» Source material:

--- START ---

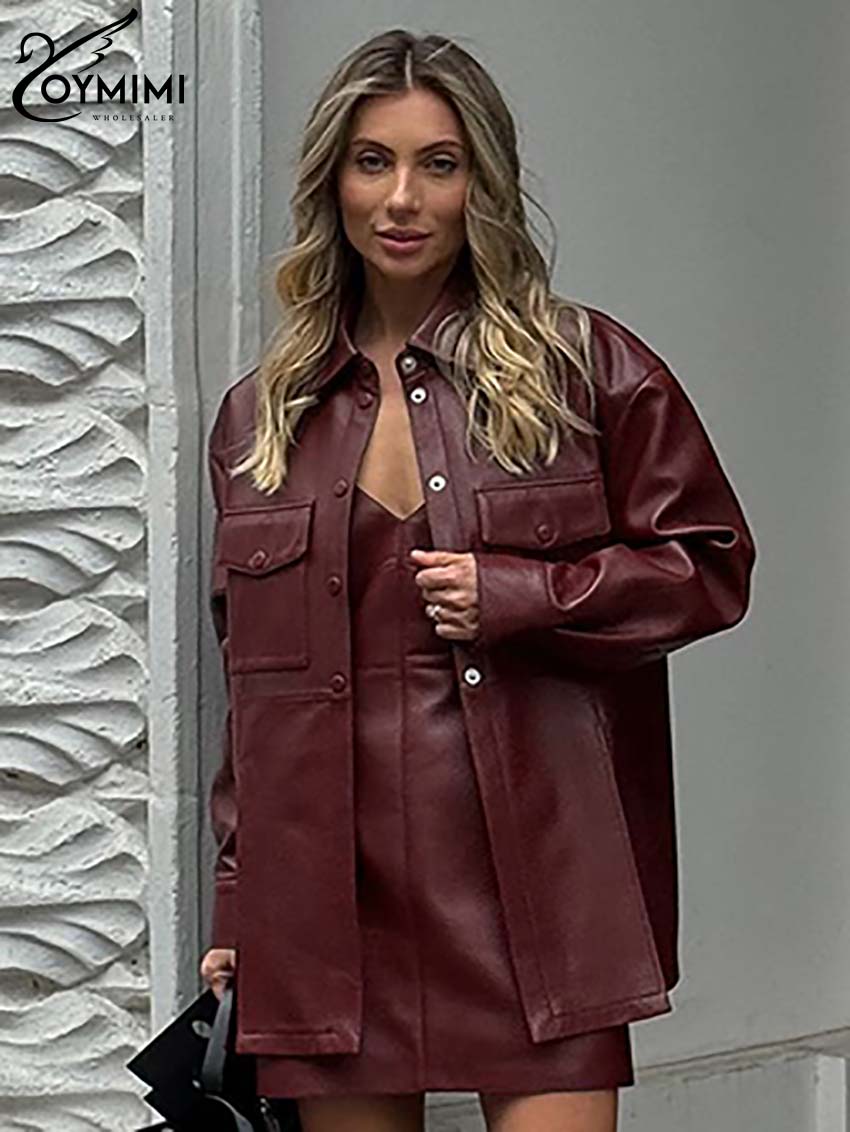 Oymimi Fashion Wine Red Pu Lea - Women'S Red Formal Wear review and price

--- END ---
--- START ---

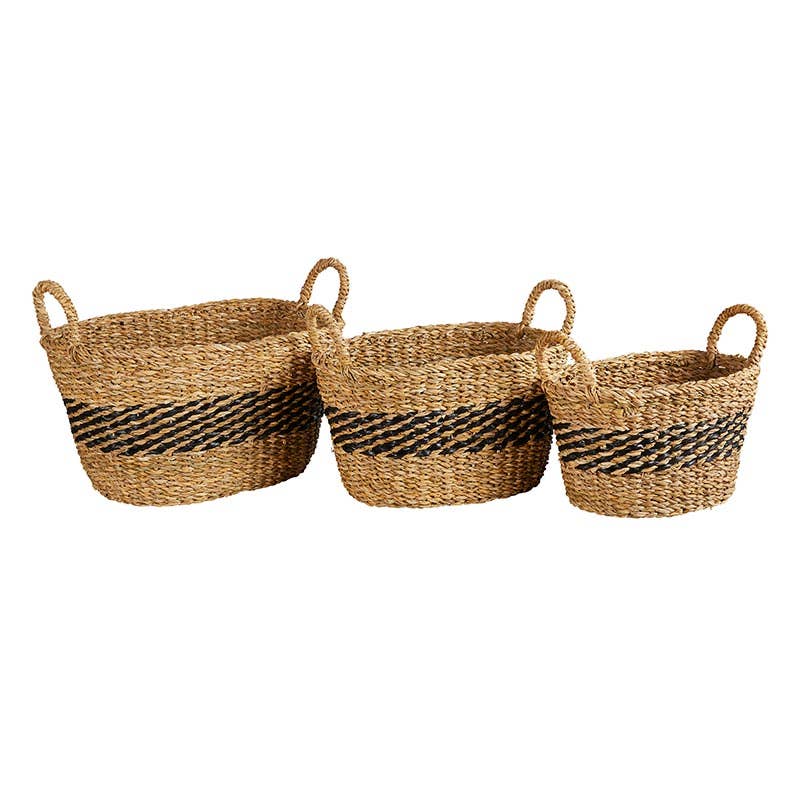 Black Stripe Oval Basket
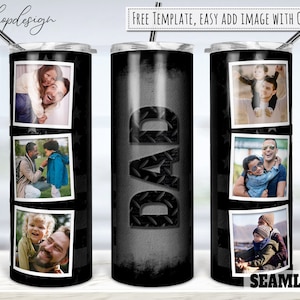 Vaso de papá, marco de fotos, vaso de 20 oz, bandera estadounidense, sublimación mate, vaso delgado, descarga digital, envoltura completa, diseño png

--- END ---
--- START ---

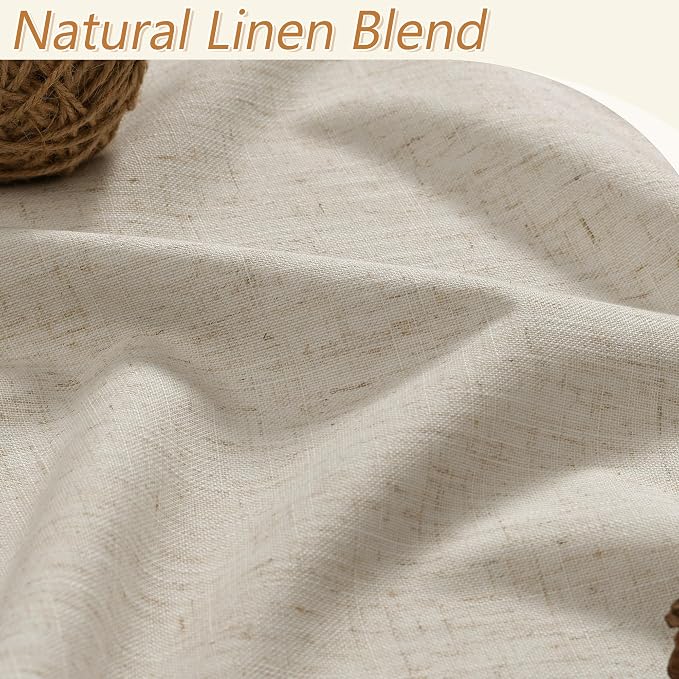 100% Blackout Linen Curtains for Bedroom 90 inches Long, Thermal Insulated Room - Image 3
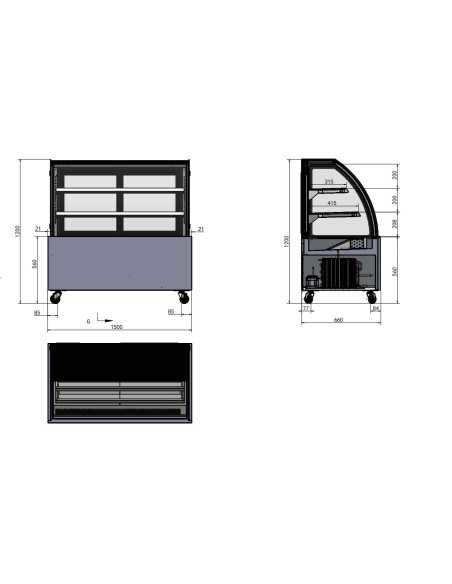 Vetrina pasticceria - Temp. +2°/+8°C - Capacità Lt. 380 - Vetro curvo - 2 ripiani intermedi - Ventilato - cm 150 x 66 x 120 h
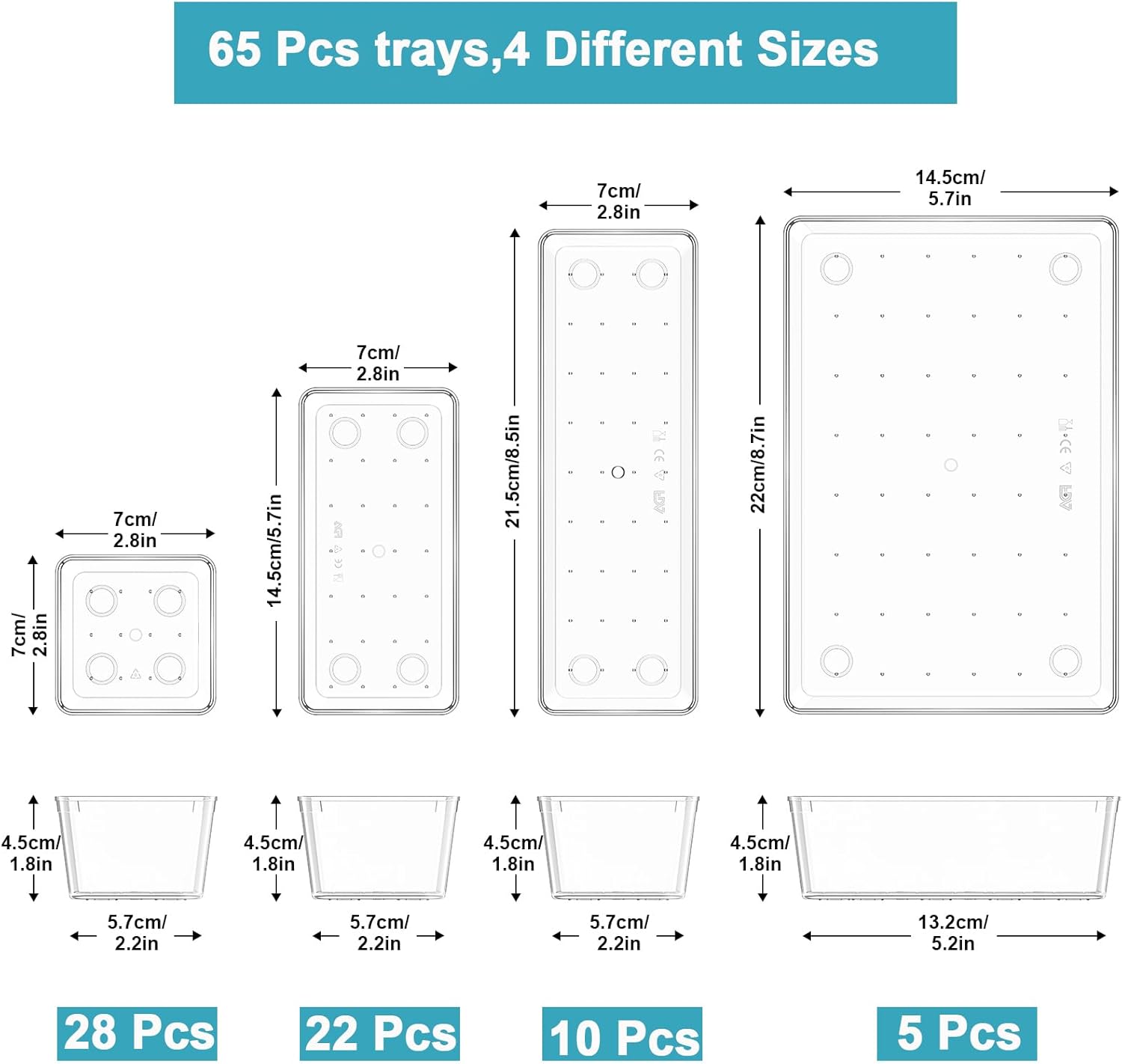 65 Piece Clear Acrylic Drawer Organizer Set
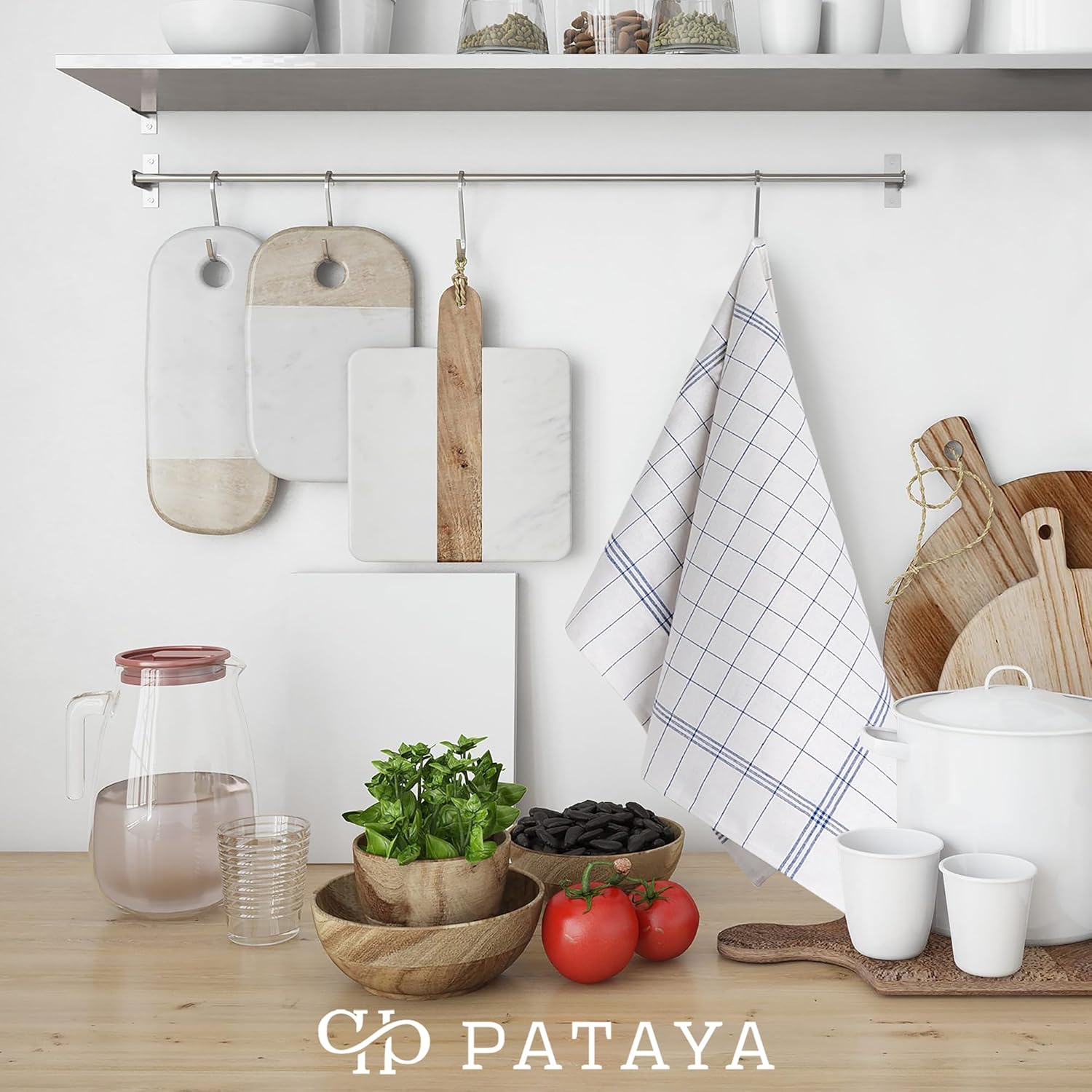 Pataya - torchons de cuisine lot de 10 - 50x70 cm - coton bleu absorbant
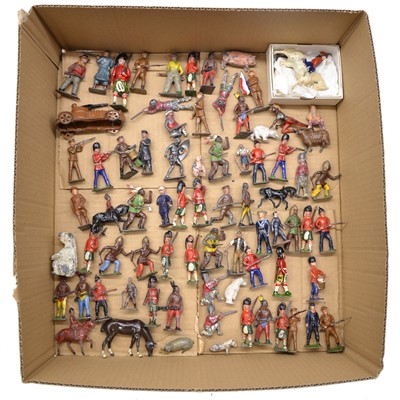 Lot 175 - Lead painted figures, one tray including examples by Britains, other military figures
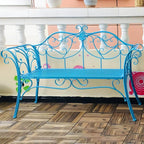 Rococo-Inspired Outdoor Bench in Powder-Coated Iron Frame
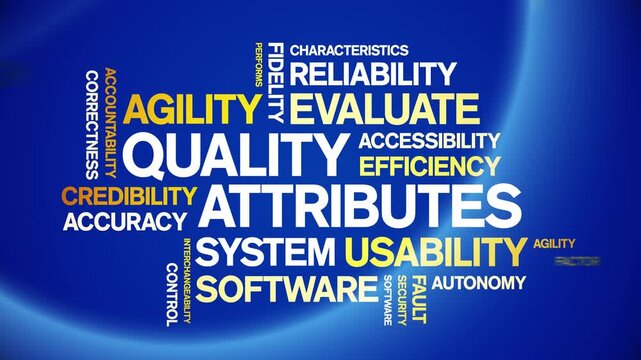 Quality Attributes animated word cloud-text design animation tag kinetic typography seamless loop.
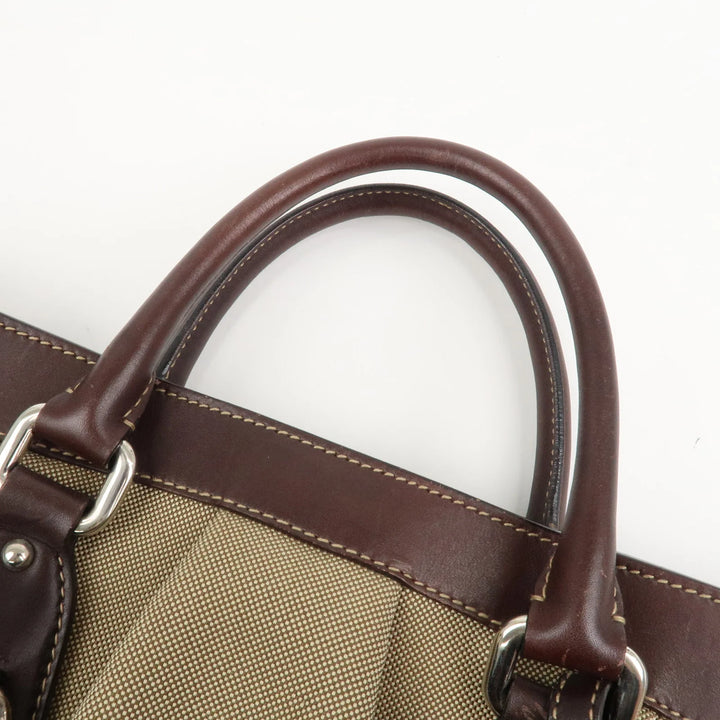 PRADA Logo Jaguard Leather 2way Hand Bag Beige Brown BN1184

--- END ---

» Problem to solve:
Using the data above, retype exactly and only the lines from the one containing "Vetrina pasticceria - Temp." up to and including the one containing "Quality Attributes animated", with no pictures carried over.

» Solution below:
 Vetrina pasticceria - Temp. +2°/+8°C - Capacità Lt. 380 - Vetro curvo - 2 ripiani intermedi - Ventilato - cm 150 x 66 x 120 h
 65 Piece Clear Acrylic Drawer Organizer Set
 Pataya - torchons de cuisine lot de 10 - 50x70 cm - coton bleu absorbant
 Lot 175 - Lead painted figures, one tray including examples by Britains, other military figures
 Rococo-Inspired Outdoor Bench in Powder-Coated Iron Frame
 Quality Attributes animated word cloud-text design animation tag kinetic typography seamless loop.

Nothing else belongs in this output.